→ **Try it**
Could the listing below be reproduced exactly, minus its pictures?

START Supplied material

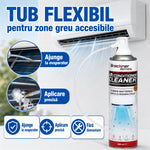 Spray profesional pentru curățarea aerului condiționat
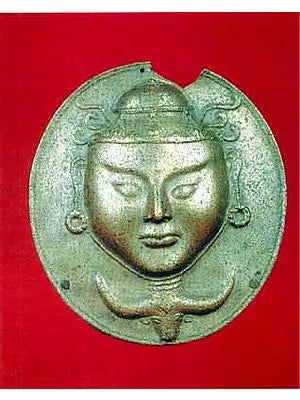 Sculptural Heritage of Assam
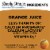 Simply Orange Medium Pulp Orange All Natural Juice With Calcium And Vitamin D Perspective: right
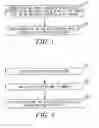 Fig. 02 - SUBSTRATE MARKINGS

END Supplied material

→ **Response to the exercise**
 Spray profesional pentru curățarea aerului condiționat
 Sculptural Heritage of Assam
 Simply Orange Medium Pulp Orange All Natural Juice With Calcium And Vitamin D Perspective: right
 Fig. 02 - SUBSTRATE MARKINGS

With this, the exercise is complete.